The Artisans d'Angkor not invite underprivileged people from rural communities to train, they pay them and provide families with health care. Once the training is complete, the person returns to their families and their villages to start their own trading, teach others and spread the traditional Khmer culture and art. It is these projects that help the Cambodian people return back to their past life before the war. I was so glad that our tour included this. It was a pleasure to walk around seeing young people painting, carving, moulding and selling their wares. The place felt alive with prosperity.
|In the carving workshop.|
The guide and I discussed the current political situation of Cambodia including the future of the King. He told me how the Cambodian People's Party have been the ruling party of Cambodia since 1981, although several political and social changes have been made and the name of the party has altered through time. The future of the King is also a mystery to the Cambodian's, he tells me that the people support the present King, Norodom Sihamoni, but when he dies je's not sure whether the royalty will continue.

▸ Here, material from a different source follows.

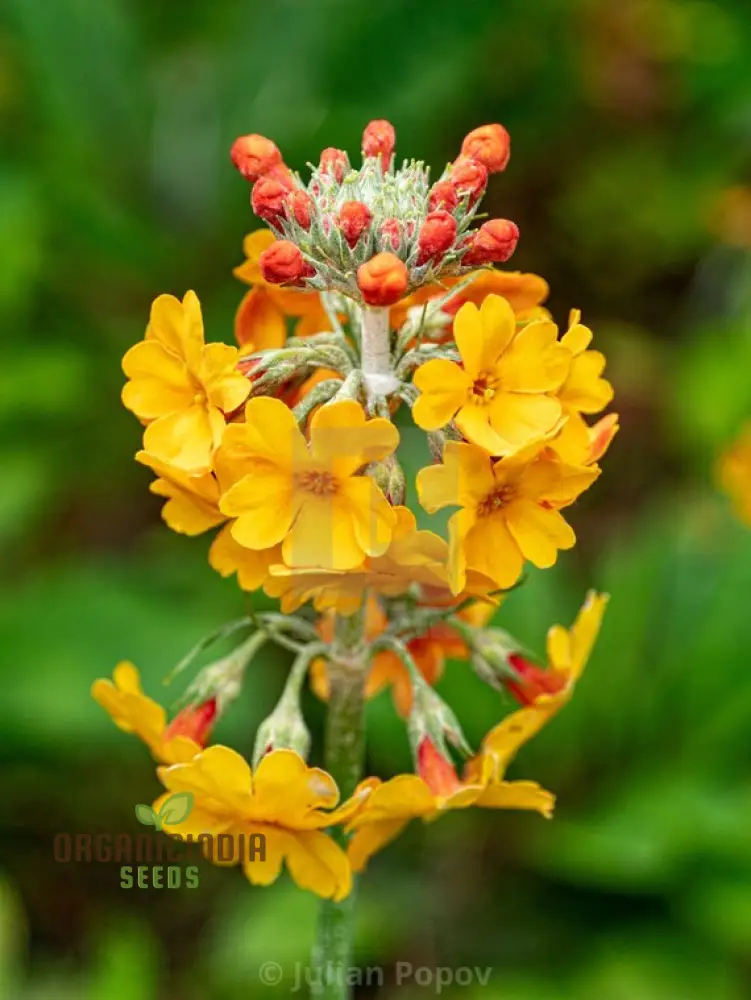 Primula Seeds (Primula Bulleyana Seeds) - Golden Radiance Blooms for Gardens - Image 3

Our main purpose for our trip was for the boat journey out onto the Tonle Sap Lake to visit the floating villages. Tom, Nicky, Kate and I had our private car, with perfect air-conditioning and even a pet gecko. During my trip, Gecko's have become my ultimate friend. Everyone should have one around munching up the flies and mosquitoes. This was the trip Kate had convinced me to do rather than taking the boat from Battambang to Siem Reap and I'm glad she did.

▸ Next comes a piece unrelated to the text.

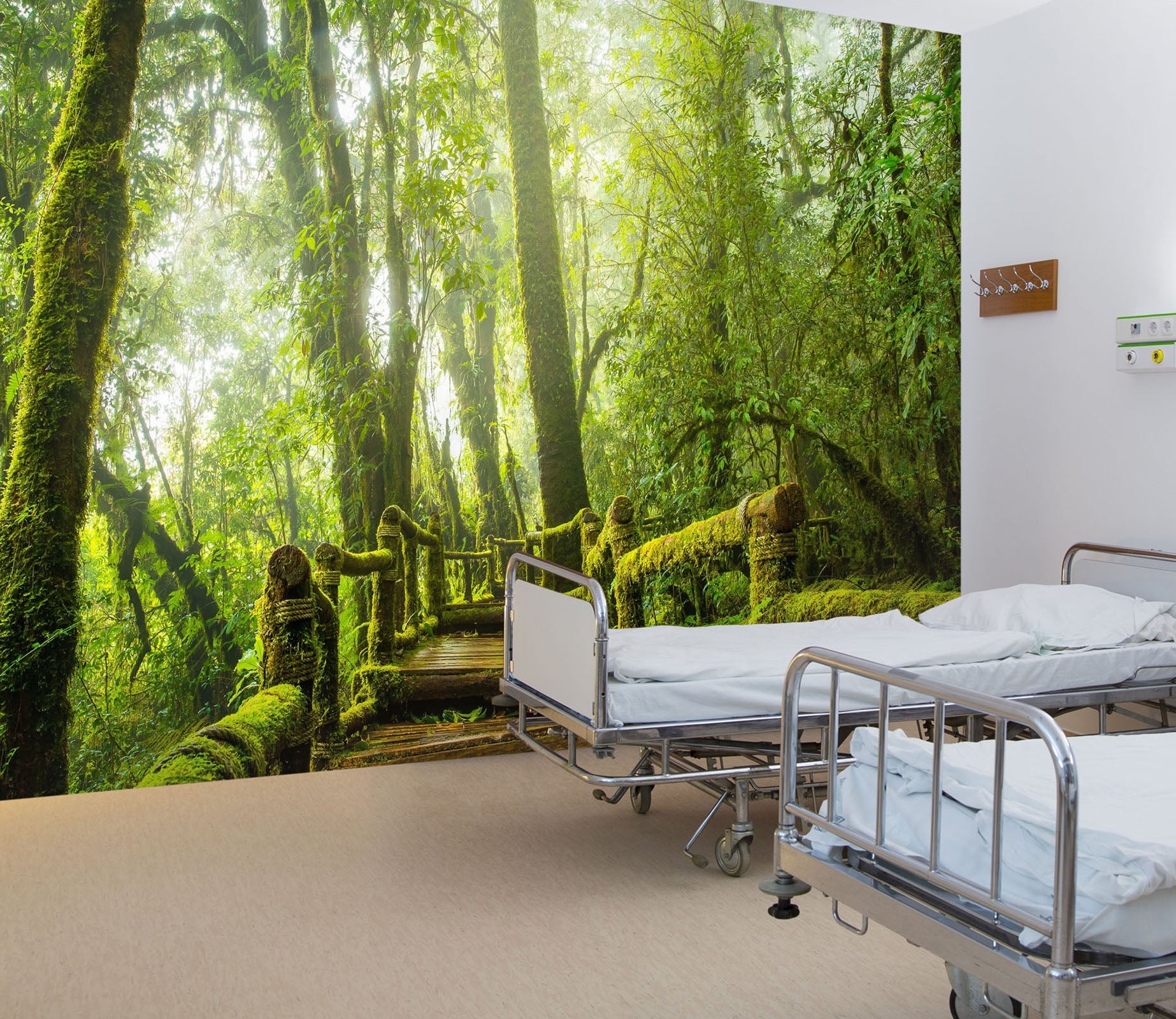 3D Tropical Rain Forest 042 Wall Murals Wallpaper AJ Wallpaper 2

|I wouldn't want to be on that boat....|
The Tonle Sap Lake is the largest freshwater lake in South East Asia that changes flow twice a year. During the dry season the water drains into the Mekong at Phnom Penh and during the wet season, the water flows back up and fills up like a reservoir. It's an extremely important feature to the Cambodians, it's a source of fish, it's a transport link between the capital, Battambang and Siem Reap and it's home to many ethnic Vietnamese and Cham people who live in the floating villages. The car weaved it's way through the streets of Siem Reap and headed out into the suburbs where the touristy buildings gave way to run down shacks clinging onto the sides of the road and standing tall upon stilts out of the water.
We arrived at the dock and was taken from the car by the guide to our boat that was to take us further down stream to the lake and Chon Kneas, the floating village. Carefully we hoped, one by one, across four boats to ours. The boat driver turned the engine on and negotiated it out of the impossible space it had got jammed into. We were soon out and steaming peacefully along the brown waters passing small villages and fishermen on the way. Overloaded boats passed by, listing crazily to one side very close to catastrophe.
|Church in the water...|
Finally we reached open water and the village appeared, out of nowhere, thrust out of the water. We passed the school, shop, church and many houses. People were going about their daily lives, climbing out of windows and getting into the tiny boats to pop to the shop. We pulled into a restaurant where we had some food and visited their bizarre crocodile farm hanging off the back. Although we were more interested in the tiny puppy that roamed around than what we were there for.
|Houses on the water|
To live in the middle of a lake is a crazy idea, how isolated would you feel if your boat broke down? It's not as though you can substitute it with your feet and grab a bus to the shop. Kids roam around in small tin boats selling bottles of drink to tourists with snakes wrapped around their necks. Some even jump aboard, run through the boat and try to sell you things. Our boat pulled away and headed back towards Siem Reap just as the sun was setting into the lake. The four of us sailed along in silence just watching the world go by and contemplating the lives of the people who live on the water.